Applications of Deep Neural Networks • Speech Recognition • Image recognition • Machine translation • Control • Any application of shallow neural networks University of Waterloo CS480/680 Spring 2019 Pascal Poupart 20

Acoustic Modeling in Speech Recognition University of Waterloo CS480/680 Spring 2019 Pascal Poupart 21

Acoustic Modeling in Speech Recognition University of Waterloo CS480/680 Spring 2019 Pascal Poupart 22

Image Recognition • Convolutional Neural Network – With rectified linear units and dropout – Data augmentation for transformation invariance University of Waterloo CS480/680 Spring 2019 Pascal Poupart 23

ImageNet Breakthrough • Results: ILSVRC-2012 • From Krizhevsky, Sutskever, Hinton University of Waterloo CS480/680 Spring 2019 Pascal Poupart 24

ImageNet Breakthrough • From Krizhevsky, Sutskever, Hinton University of Waterloo CS480/680 Spring 2019 Pascal Poupart 25

CS480/680 Lecture 15: June 26, 2019 Deep Neural Networks [GBC] - PowerPoint PPT Presentation

CS480/680 Lecture 15: June 26, 2019 Deep Neural Networks [GBC] Chap. 6, 7, 8 University of Waterloo CS480/680 Spring 2019 Pascal Poupart 1 Outline Deep Neural Networks Gradient Vanishing Rectified linear units Overfitting

CEE 680 Lecture #2 1/22/2020 1 CEE 680 Lecture #2 1/22/2020 2 CEE 680 Lecture #2

CS480/680 Lecture 9: June 5, 2019 Perceptrons, Neural Networks [D] Chapt. 4, [HTF] Chapt. 11,

CS480/680 Lecture 12: June 17, 2019 Gaussian Processes [B] Section 6.4 [M] Chap. 15 [HTF] Sec.

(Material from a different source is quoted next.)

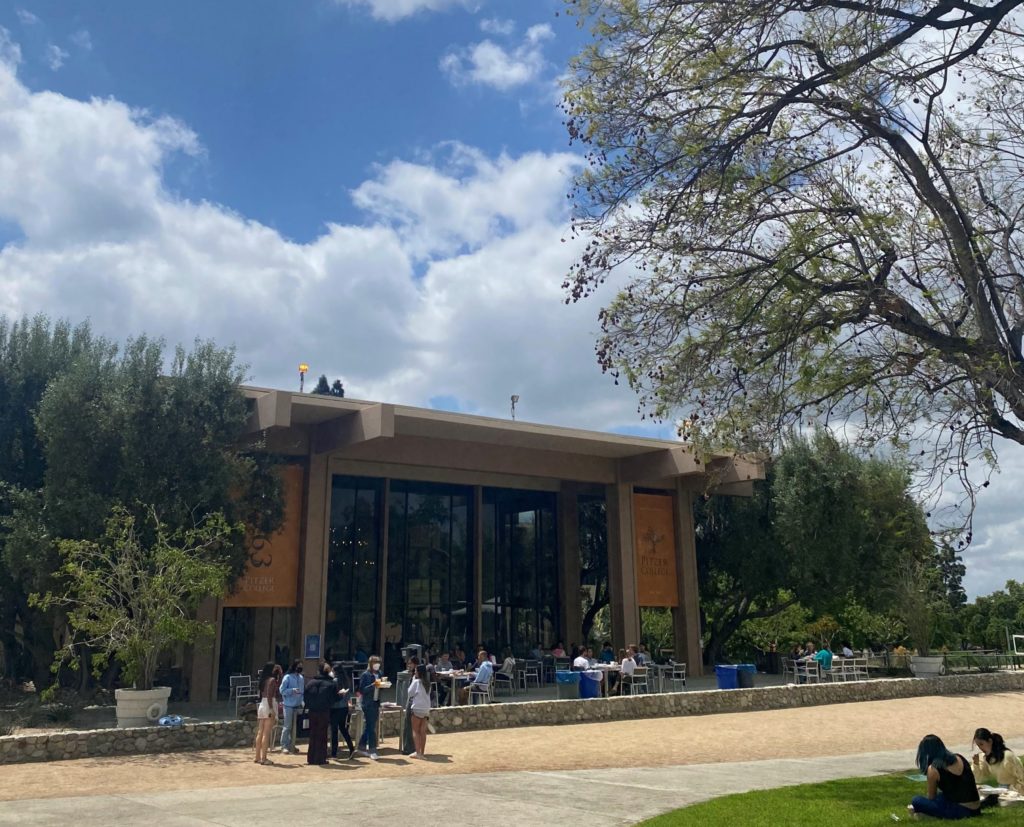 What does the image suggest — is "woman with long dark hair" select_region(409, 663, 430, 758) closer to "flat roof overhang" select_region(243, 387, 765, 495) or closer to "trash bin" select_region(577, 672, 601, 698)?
"trash bin" select_region(577, 672, 601, 698)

CS480/680 Lecture 8: June 3, 2019 Classification by Logistic Regression, Generalized linear

CS480/680 Lecture 11: June 12, 2019 Kernel methods [D] Chap. 11 [B] Sec. 6.1, 6.2 [M] Sec.

CS480/680 Lecture 14: June 24, 2019 Support Vector Machines (continued) [B] Sec. 7.1 [D] Sec.

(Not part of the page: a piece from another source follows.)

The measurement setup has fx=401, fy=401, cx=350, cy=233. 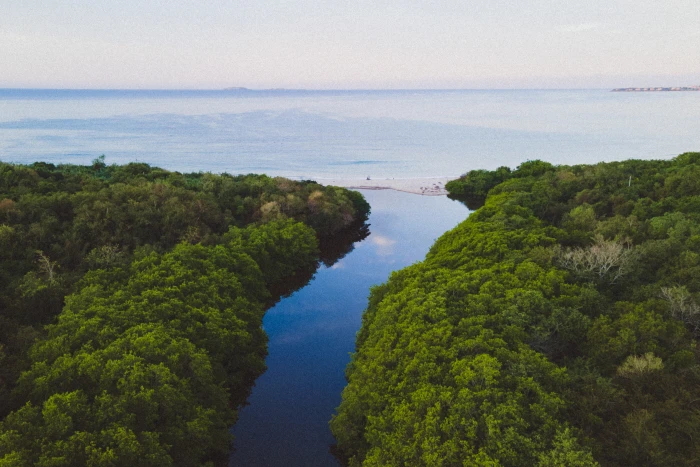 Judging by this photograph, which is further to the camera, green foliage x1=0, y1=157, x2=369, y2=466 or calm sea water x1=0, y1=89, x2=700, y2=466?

CS480/680 Lecture 18: July 8, 2019 Recurrent and Recursive Neural Networks [GBC] Chap. 10

CS480/680 Lecture 4: May 15, 2019 Statistical Learning [RN]: Sec 20.1, 20.2, [M]: Sec. 2.2, 3.2

CS480/680 Machine Learning Lecture 1: May 6 th , 2019 Course Introduction Pascal Poupart

CS480/680 Lecture 24: July 29, 2019 Gradient Boosting, Bagging, Decision Forest [RN] Sec. 18.10,

CS480/680 Lecture 22: July 22, 2019 Ensemble Learning [RN] Sec. 18.10, [M] Sec. 16.2.5, [B]

CS480/680 Lecture 2: May 8 th , 2019 Nearest Neighbour [RN] Sec. 18.8.1, [HTF] Sec. 2.3.2, [D]

CS480/680 Machine Learning Lecture 3: May 13, 2019 Linear Regression [RN] Sec. 18.6.1, [HTF]

CS480/680 Lecture 7: May 29, 2019 Classification with Mixture of Gaussians [B] Sections 4.2,

CS480/680 Lecture 19: July 10, 2019 Attention and Transformer Networks [Vaswani et al.,

CS480/680 Machine Learning Lecture 8: January 30 th , 2020 Graphical Models Zahra Sheikhbahaee

Sigmoid: ATwistedTaleofFluxandFields ByTylerBehm

Graphs CMSC 470 Marine Carpuat Binary Classification with a Multi-layer Perceptron A

Machine Learning - MT 2016 8. Classification: Logistic Regression Varun Kanade University of

Linear and Logistic Regression Yingyu Liang Computer Sciences 760 Fall 2017

Dense layers IN TRODUCTION TO TEN S ORF LOW IN P YTH ON Isaiah Hull Economist The linear

JACKPOT: Online Experimentation of Cloud Microservices BY M. TOSLALI 1 , S. PARTHASARATHY 2 , F.

Activation Functions Activation Functions In [1]: % matplotlib inline import d2l from mxnet

Deep Learning T HEORY , H ISTORY , S TATE OF THE A RT & P RACTICAL T OOLS by Ilya Kuzovkin

CS480/680 Lecture 15: June 26, 2019 Deep Neural Networks [GBC] - PowerPoint PPT Presentation

CS480/680 Lecture 15: June 26, 2019 Deep Neural Networks [GBC] Chap. 6, 7, 8 University of Waterloo CS480/680 Spring 2019 Pascal Poupart 1 Outline Deep Neural Networks Gradient Vanishing Rectified linear units Overfitting

CEE 680 Lecture #2 1/22/2020 1 CEE 680 Lecture #2 1/22/2020 2 CEE 680 Lecture #2

CS480/680 Lecture 9: June 5, 2019 Perceptrons, Neural Networks [D] Chapt. 4, [HTF] Chapt. 11,

CS480/680 Lecture 12: June 17, 2019 Gaussian Processes [B] Section 6.4 [M] Chap. 15 [HTF] Sec.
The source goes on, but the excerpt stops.